Ich trete - trotz solch negativer Erfahrungen - mit allem Nachdruck für eine enge Zusammenarbeit der Museen, Archive und Bibliotheken unserer beiden Länder ein, weil ich mir dadurch ein noch größeres gegenseitiges Verständnis erhoffe. So wird seit zwei Jahren mit erheblichen Mitteln aus meinem Etat gemeinsam mit der Robert-Bosch-Stiftung jedes Jahr ein drei Monate langes Fortbildungsprojekt für jeweils 20 junge russische Museumsfachleute durchgeführt, in das nahezu alle großen deutschen Museen eingebunden sind. Am 20. Mai 2005 wird im Kulturforum der Staatlichen Museen zu Berlin die diesjährige Abschlussveranstaltung sein.

Meine Damen und Herren,

die persönliche Begegnung zwischen den Menschen ist mir besonders wichtig. Erst dadurch entsteht gelebte Partnerschaft, kommen sich die Bürger Russlands und Deutschlands näher. In diesem Prozess spielen die Medien - insbesondere das Fernsehen - eine wichtige Rolle. Sie können helfen, Vorurteile abzubauen und gegenseitiges Verständnis zu fördern.

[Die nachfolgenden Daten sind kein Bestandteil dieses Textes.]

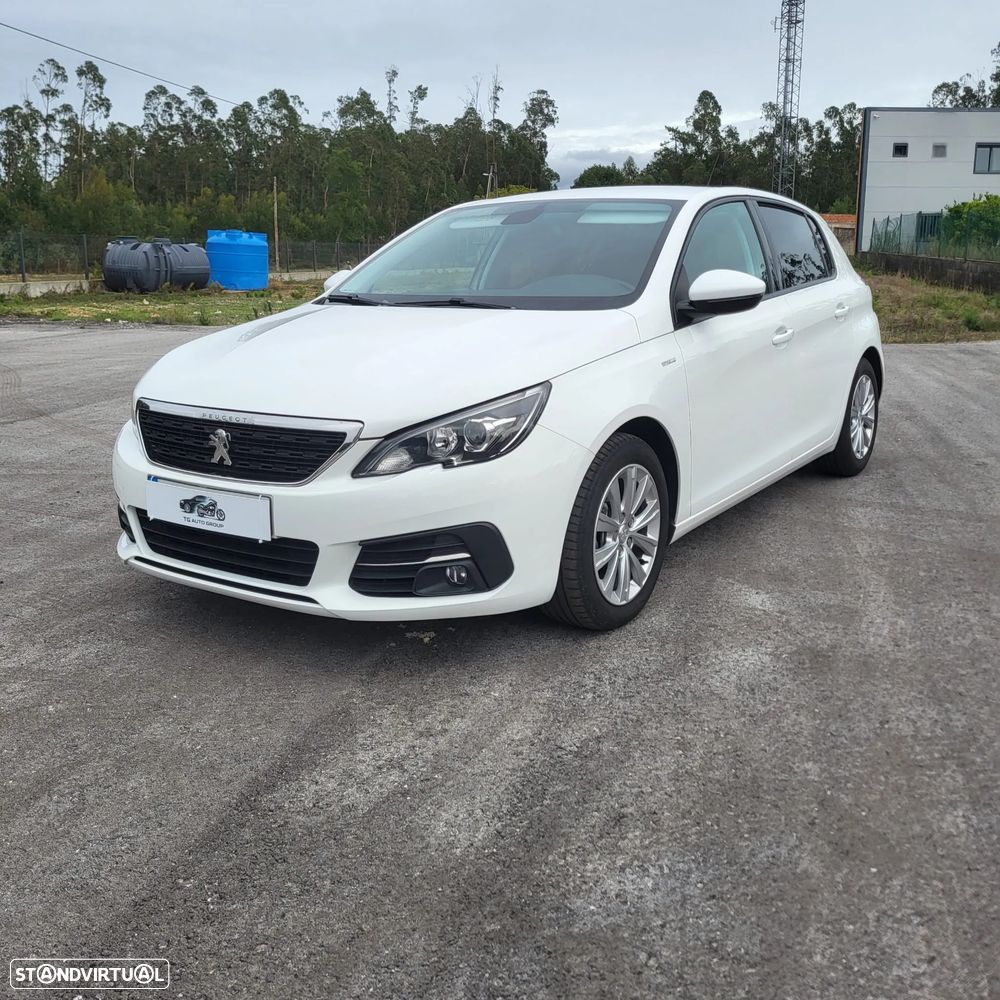 Peugeot 308 PureTech 130 GPF Stop & Start Style - 4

Deshalb freut es mich besonders, dass es dem Norddeutschen Rundfunk gemeinsam mit dem russischen Fernsehen "ORT" gelungen ist, die Dokumentation "Der Kreml - Im Herzen Russlands" gemeinsam zu realisieren. Der Film zeigt neben grandiosen Bildern des Kreml vor allem die Menschen, die im Herzen Russlands arbeiten und uns von ihrem Alltag, von ihren Ängsten und Hoffnungen erzählen. Es sind gerade diese sehr persönlichen Portraits, die diese Dokumentation auszeichnen. Sie lassen uns mitfühlen und geben Einblick in eine für viele Deutsche nach wie vor fremde Welt. Dabei hat der Moskauer Kreml mit seiner Jahrhunderte alten Geschichte und seinen kostbaren Kunstschätzen uns Deutsche schon immer auf eine ganz besondere Weise fasziniert. Umso mehr freut es mich, dass dieser Film nun auch im russischen Fernsehen ausgestrahlt wird.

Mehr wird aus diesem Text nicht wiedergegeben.